### Exercise goal
For each line of the data below that includes the string "Gaza", count one, and answer with the sum only.

··· Record excerpts

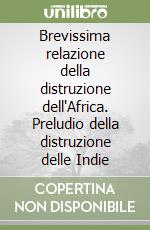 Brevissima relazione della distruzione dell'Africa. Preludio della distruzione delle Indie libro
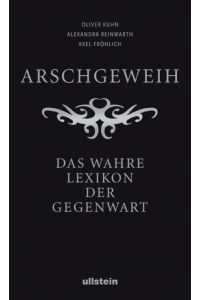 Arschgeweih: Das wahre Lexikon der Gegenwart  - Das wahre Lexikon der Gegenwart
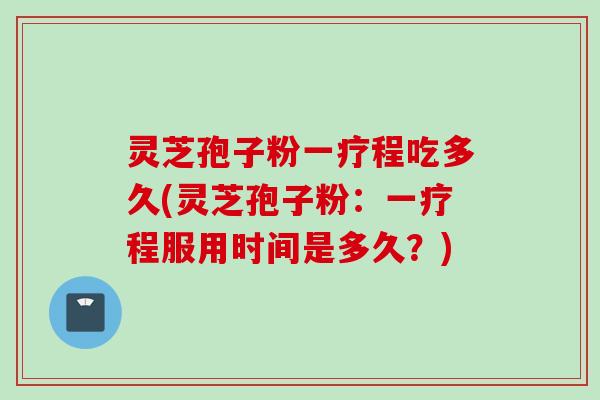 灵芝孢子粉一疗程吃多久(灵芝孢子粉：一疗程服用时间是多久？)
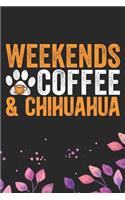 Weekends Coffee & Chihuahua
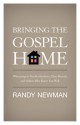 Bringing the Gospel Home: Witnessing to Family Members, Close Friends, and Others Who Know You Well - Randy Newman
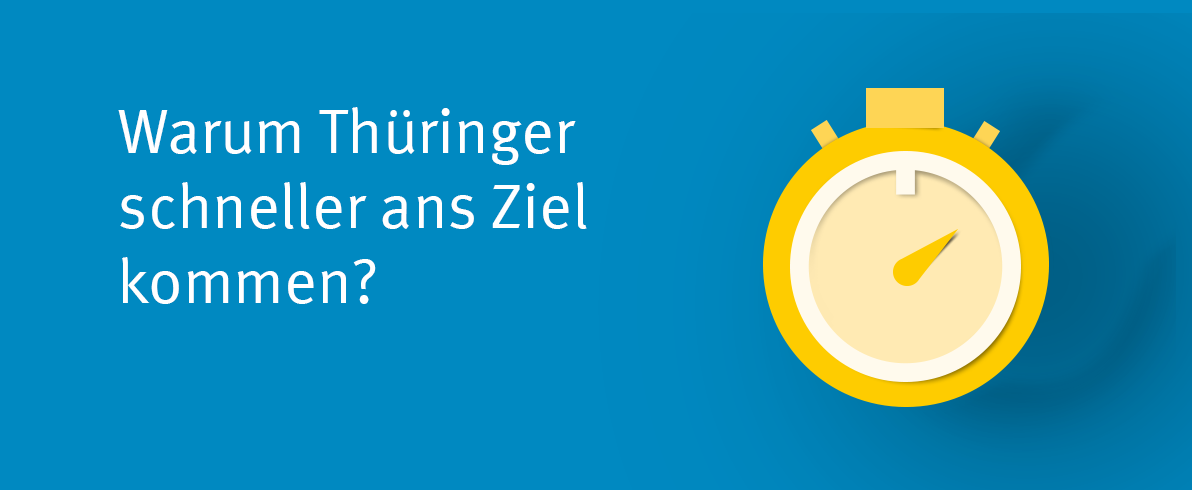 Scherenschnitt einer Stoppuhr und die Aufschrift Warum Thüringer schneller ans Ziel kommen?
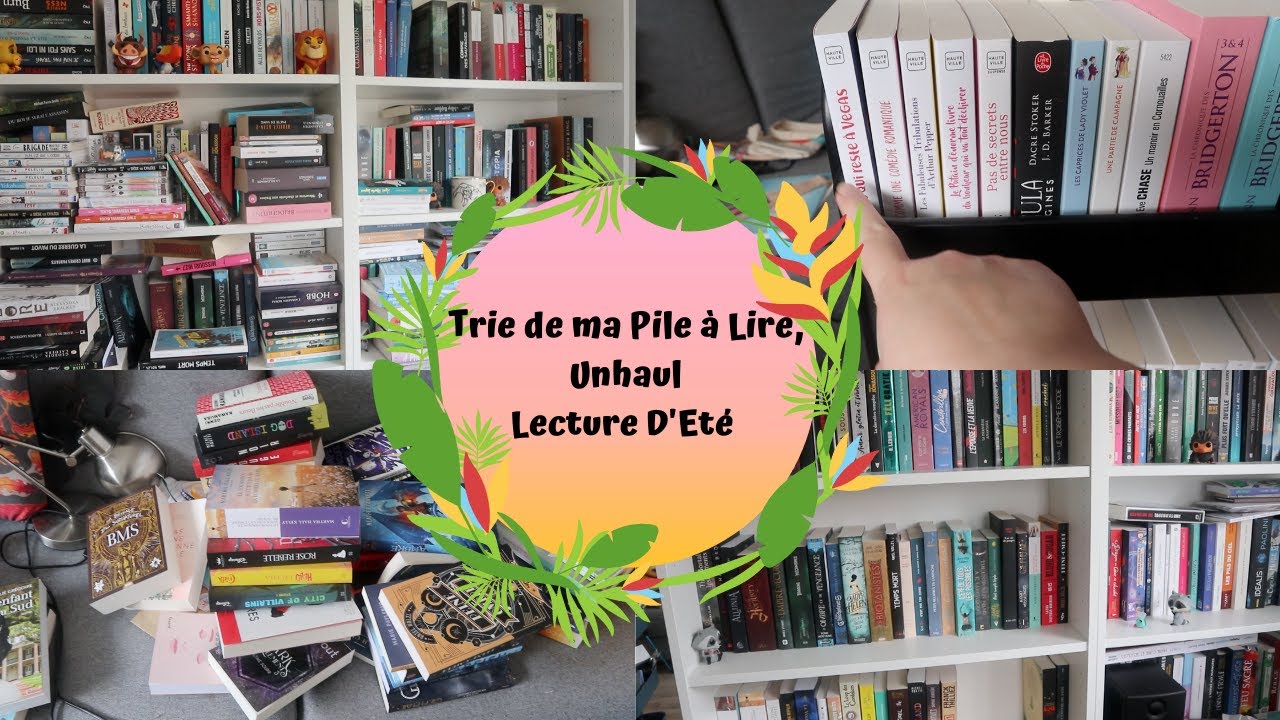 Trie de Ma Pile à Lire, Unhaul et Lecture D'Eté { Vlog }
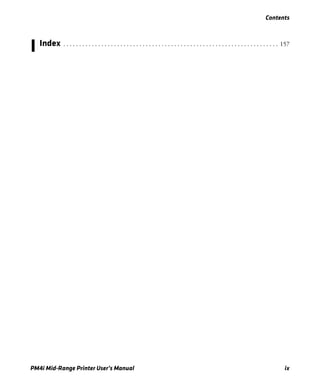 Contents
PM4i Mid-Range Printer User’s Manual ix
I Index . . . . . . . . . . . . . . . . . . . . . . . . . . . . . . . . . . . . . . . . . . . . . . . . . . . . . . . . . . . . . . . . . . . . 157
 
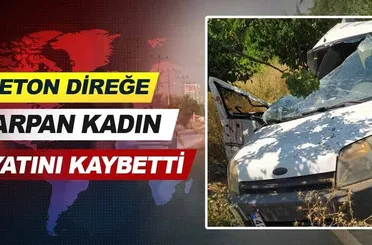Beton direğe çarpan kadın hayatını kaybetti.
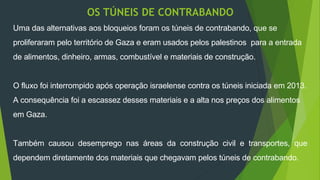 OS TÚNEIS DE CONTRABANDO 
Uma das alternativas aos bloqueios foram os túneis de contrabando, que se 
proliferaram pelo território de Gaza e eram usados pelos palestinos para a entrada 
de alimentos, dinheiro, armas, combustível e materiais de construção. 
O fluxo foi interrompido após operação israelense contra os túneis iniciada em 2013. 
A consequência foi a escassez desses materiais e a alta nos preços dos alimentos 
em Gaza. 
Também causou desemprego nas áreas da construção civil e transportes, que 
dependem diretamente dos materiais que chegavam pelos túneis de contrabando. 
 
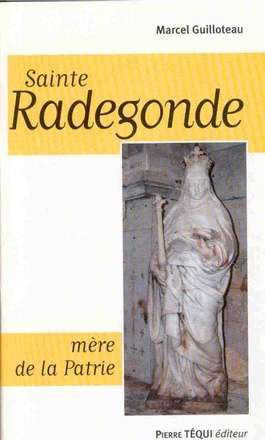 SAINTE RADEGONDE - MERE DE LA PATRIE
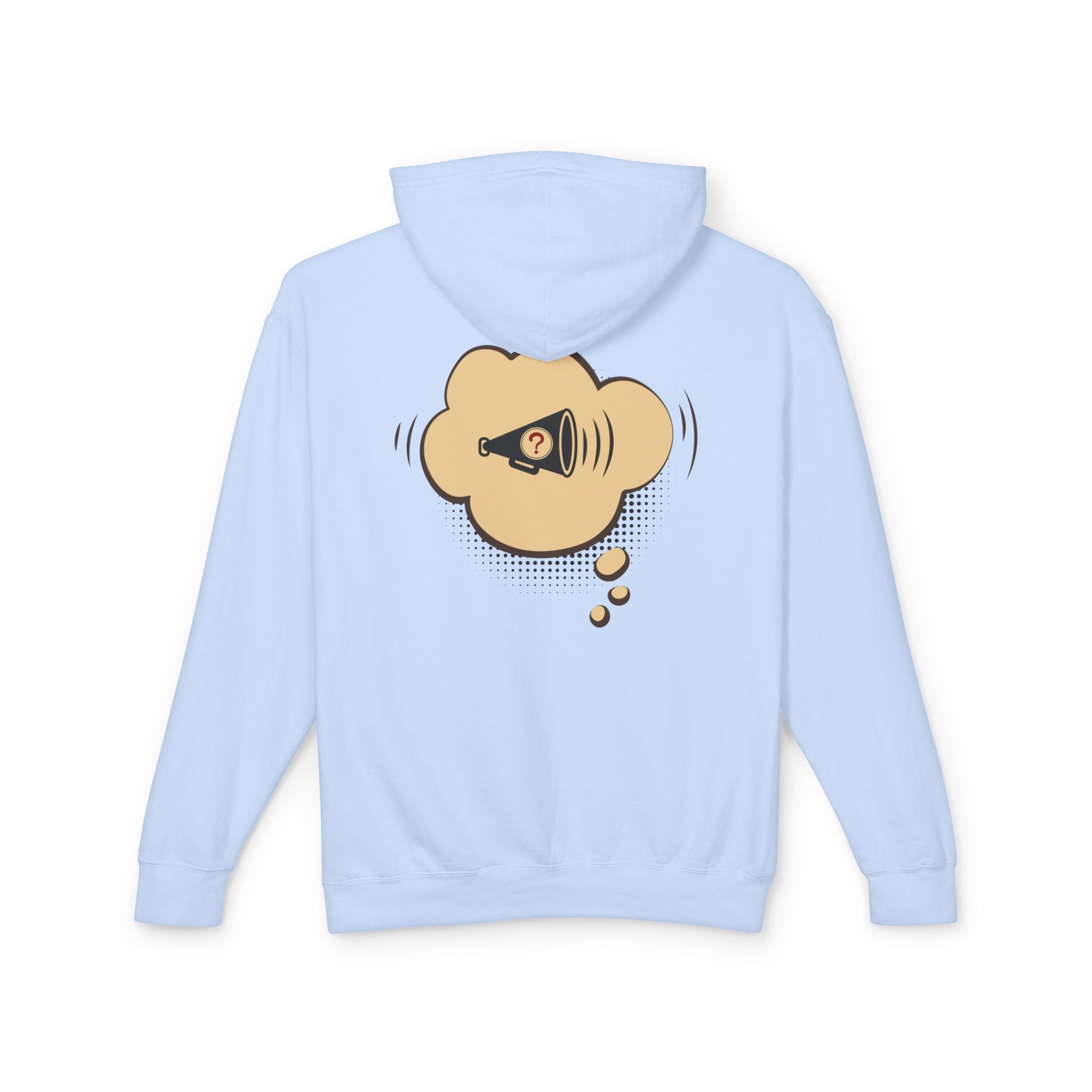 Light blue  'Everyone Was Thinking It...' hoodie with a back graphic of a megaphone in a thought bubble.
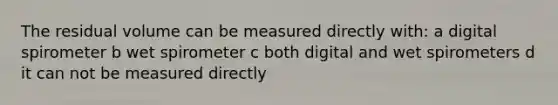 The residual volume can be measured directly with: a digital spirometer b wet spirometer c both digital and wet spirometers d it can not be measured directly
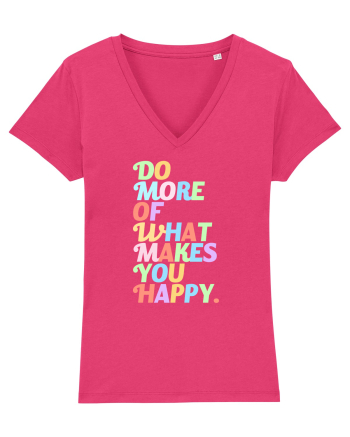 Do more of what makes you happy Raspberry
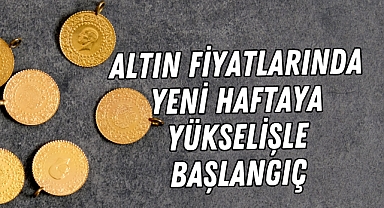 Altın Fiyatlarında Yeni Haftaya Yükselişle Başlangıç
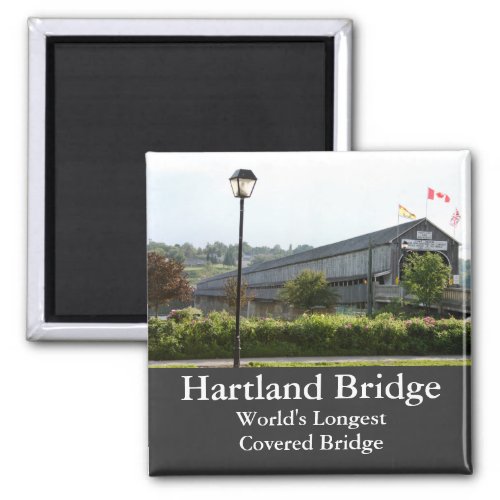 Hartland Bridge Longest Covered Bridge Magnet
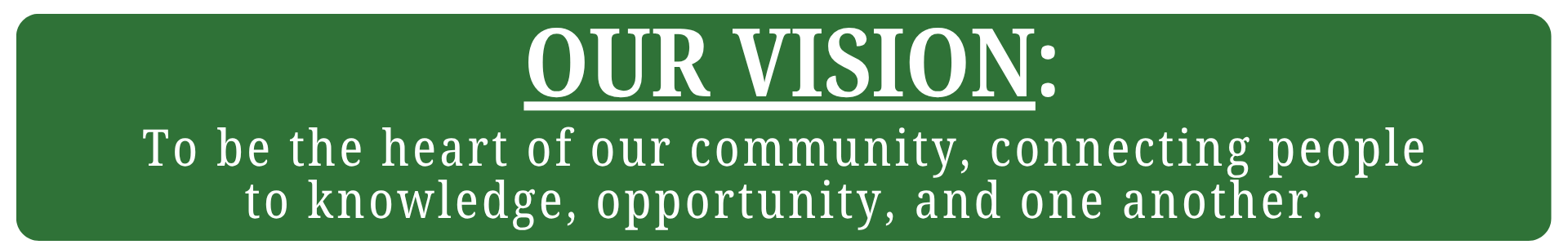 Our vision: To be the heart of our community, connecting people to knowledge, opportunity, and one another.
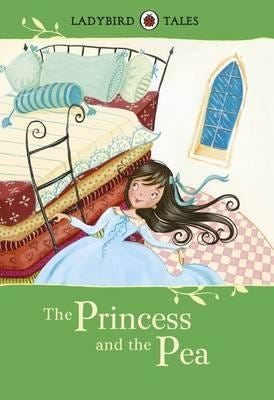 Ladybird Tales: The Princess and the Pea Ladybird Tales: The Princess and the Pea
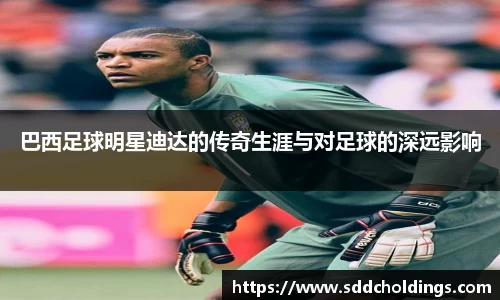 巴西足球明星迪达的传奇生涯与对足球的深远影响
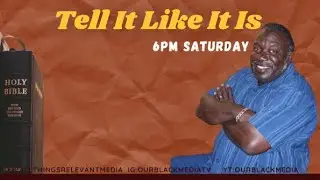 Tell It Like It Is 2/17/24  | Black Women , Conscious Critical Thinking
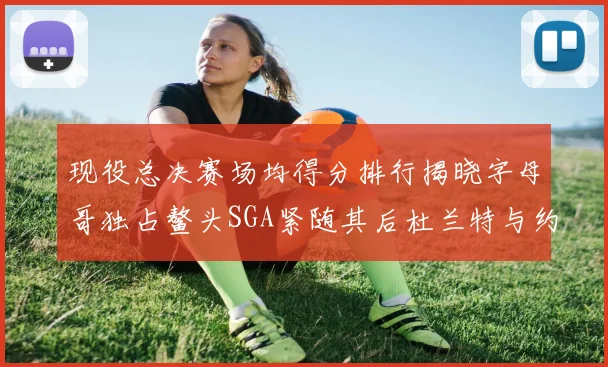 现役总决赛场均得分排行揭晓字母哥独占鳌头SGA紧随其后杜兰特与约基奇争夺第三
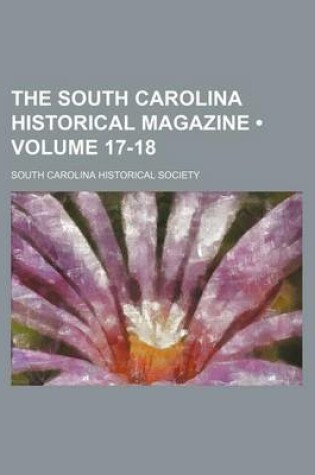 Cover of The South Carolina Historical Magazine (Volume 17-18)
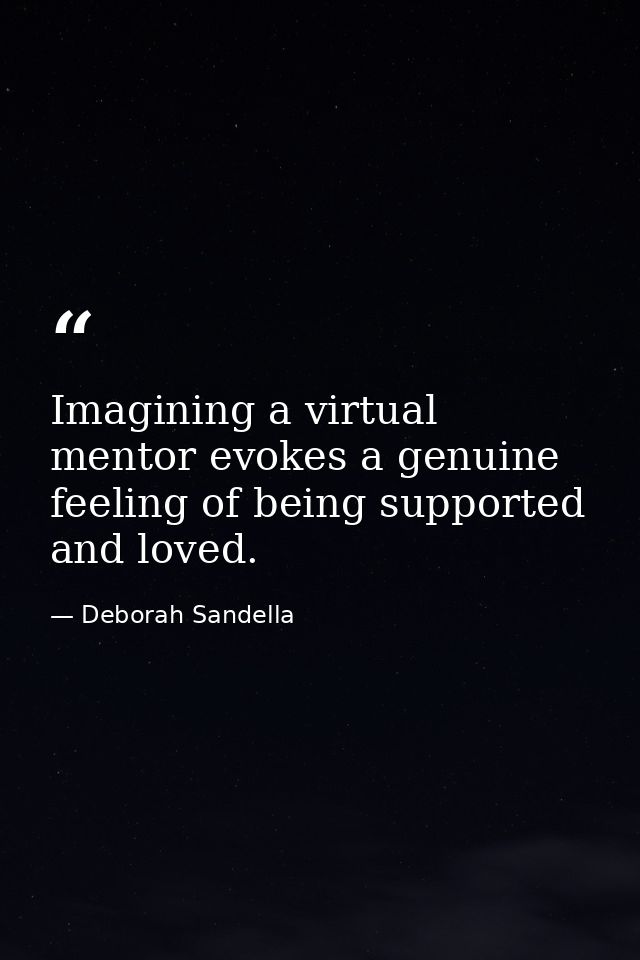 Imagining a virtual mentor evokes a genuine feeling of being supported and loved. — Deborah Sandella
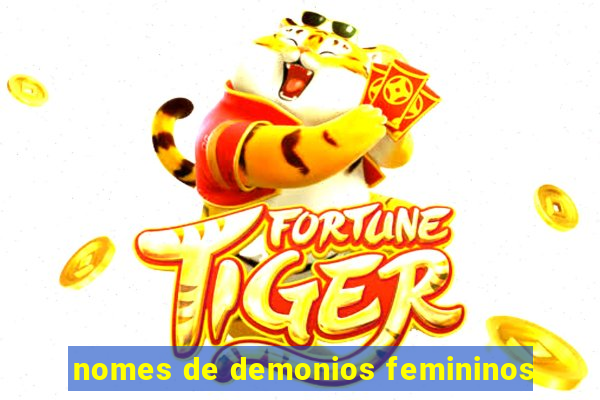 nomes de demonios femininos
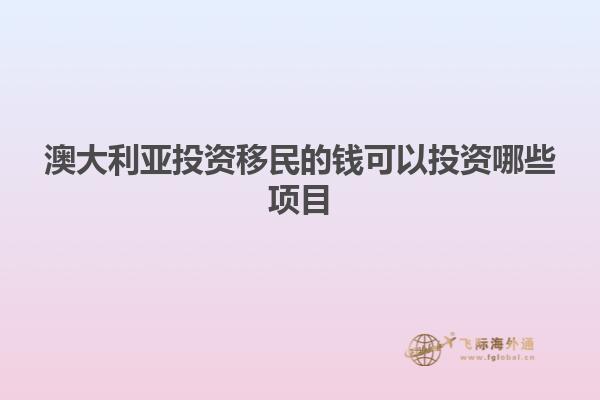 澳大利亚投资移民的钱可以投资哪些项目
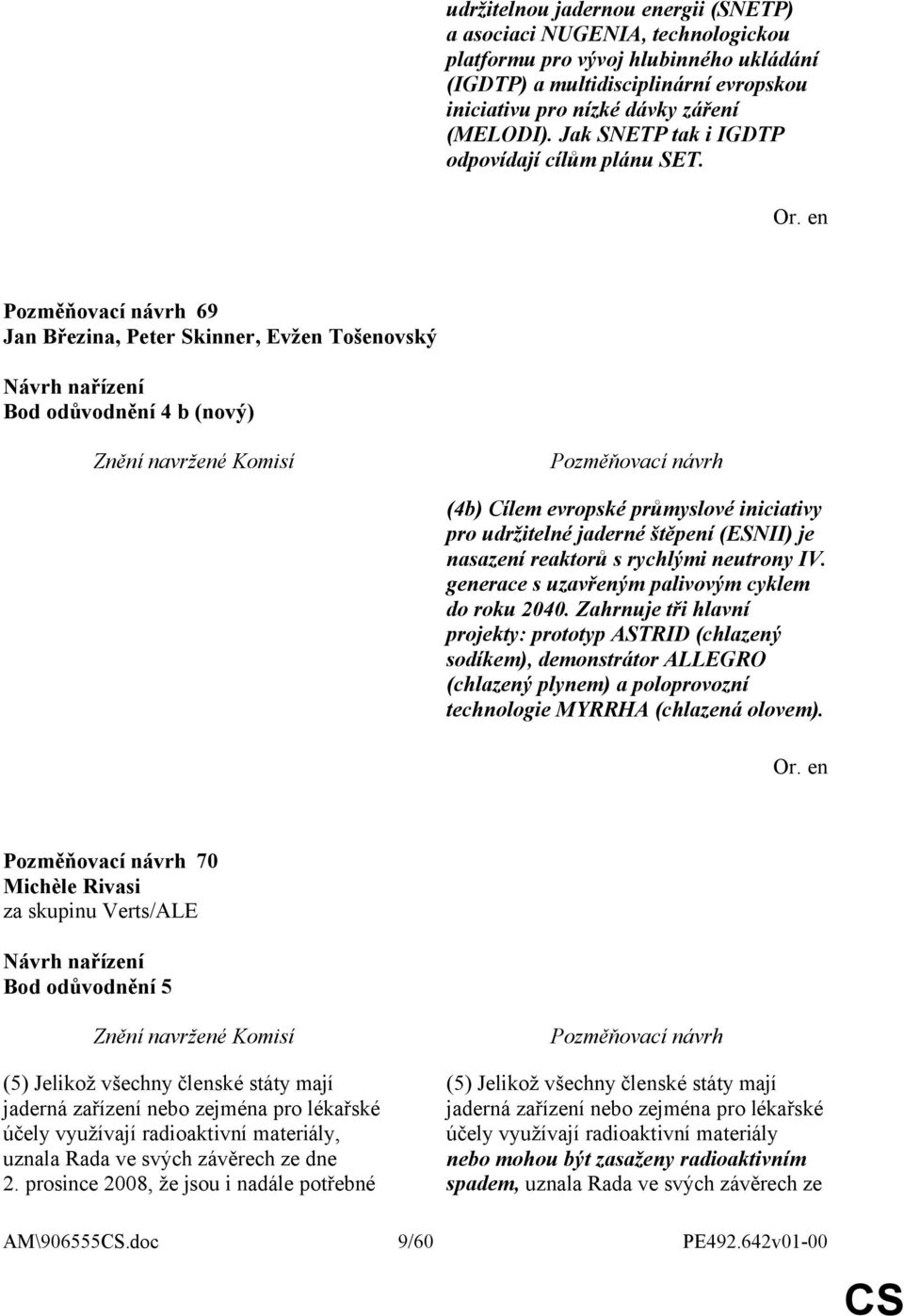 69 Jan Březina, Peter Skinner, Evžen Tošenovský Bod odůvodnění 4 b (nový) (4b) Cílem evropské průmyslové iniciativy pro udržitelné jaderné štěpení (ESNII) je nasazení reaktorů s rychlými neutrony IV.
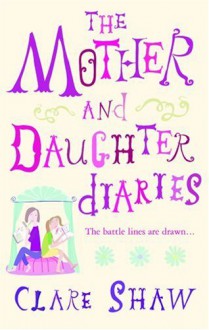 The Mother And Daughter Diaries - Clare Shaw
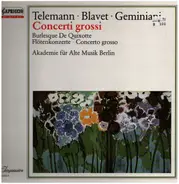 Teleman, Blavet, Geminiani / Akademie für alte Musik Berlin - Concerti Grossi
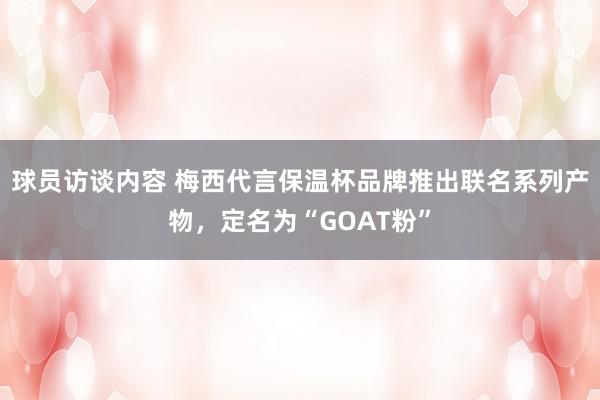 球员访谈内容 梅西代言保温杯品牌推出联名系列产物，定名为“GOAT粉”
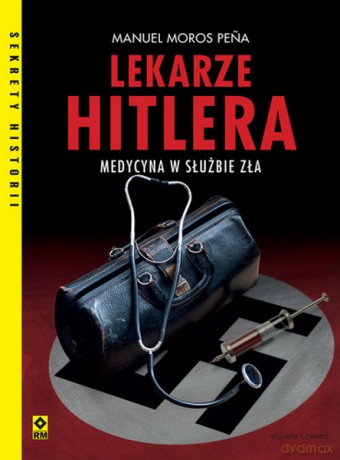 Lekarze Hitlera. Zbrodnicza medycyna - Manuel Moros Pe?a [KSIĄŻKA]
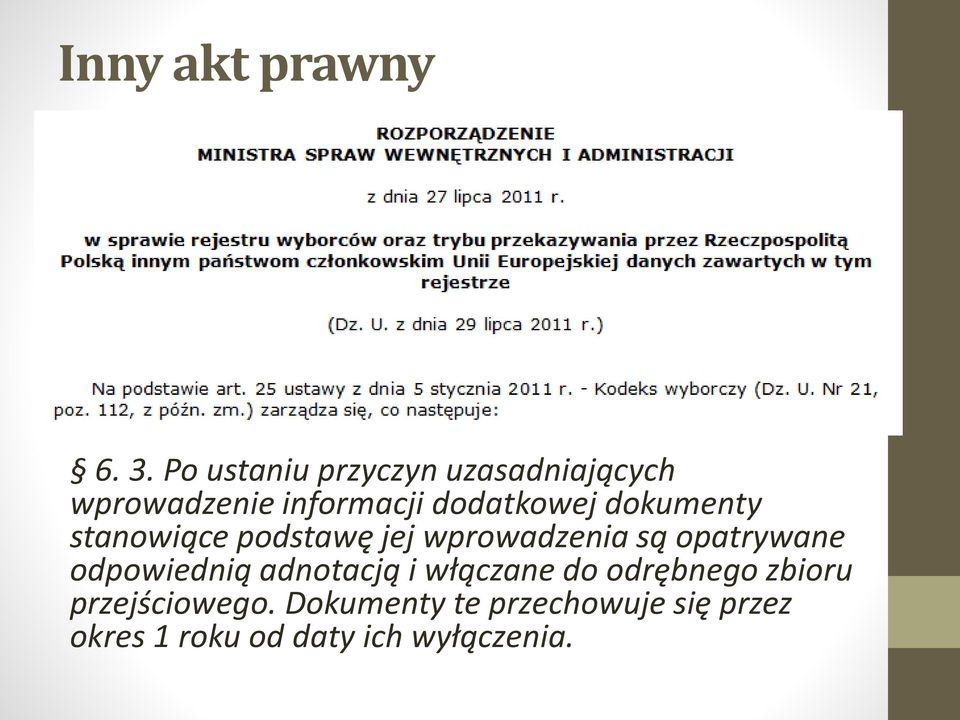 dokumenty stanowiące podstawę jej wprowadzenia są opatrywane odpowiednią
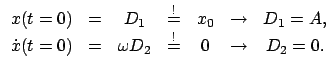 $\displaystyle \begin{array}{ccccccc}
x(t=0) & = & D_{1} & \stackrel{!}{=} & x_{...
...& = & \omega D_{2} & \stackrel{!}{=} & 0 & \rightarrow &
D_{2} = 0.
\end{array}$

······

### Result of this task
2